Task to carry out:
An exact transcription of all the data is required; the pictures are to be left out.

Data provided:
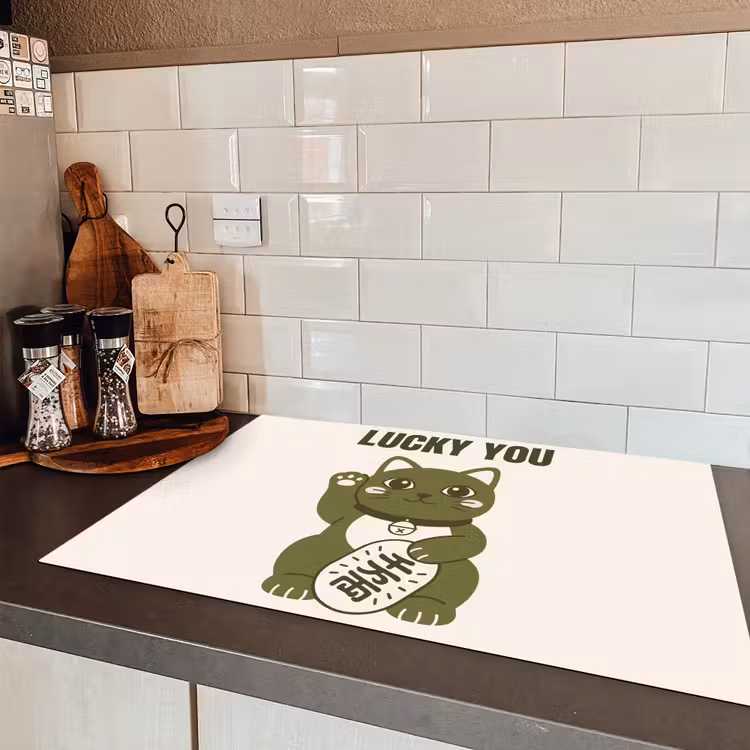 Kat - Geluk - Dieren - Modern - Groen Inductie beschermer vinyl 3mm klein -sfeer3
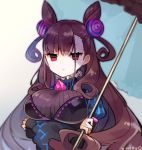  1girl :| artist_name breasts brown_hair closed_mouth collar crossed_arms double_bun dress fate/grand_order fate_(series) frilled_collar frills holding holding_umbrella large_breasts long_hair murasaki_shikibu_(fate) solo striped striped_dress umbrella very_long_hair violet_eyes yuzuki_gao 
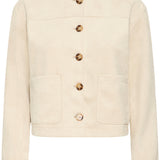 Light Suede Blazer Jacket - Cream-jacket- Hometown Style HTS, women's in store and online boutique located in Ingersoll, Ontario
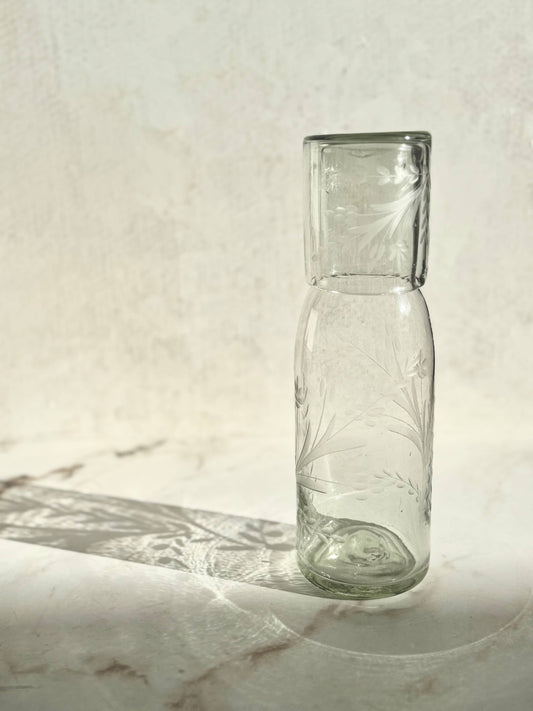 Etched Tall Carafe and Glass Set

Solution below:
 Kat - Geluk - Dieren - Modern - Groen Inductie beschermer vinyl 3mm klein -sfeer3
  1girl :| artist_name breasts brown_hair closed_mouth collar crossed_arms double_bun dress fate/grand_order fate_(series) frilled_collar frills holding holding_umbrella large_breasts long_hair murasaki_shikibu_(fate) solo striped striped_dress umbrella very_long_hair violet_eyes yuzuki_gao 
 Light Suede Blazer Jacket - Cream-jacket- Hometown Style HTS, women's in store and online boutique located in Ingersoll, Ontario
 Etched Tall Carafe and Glass Set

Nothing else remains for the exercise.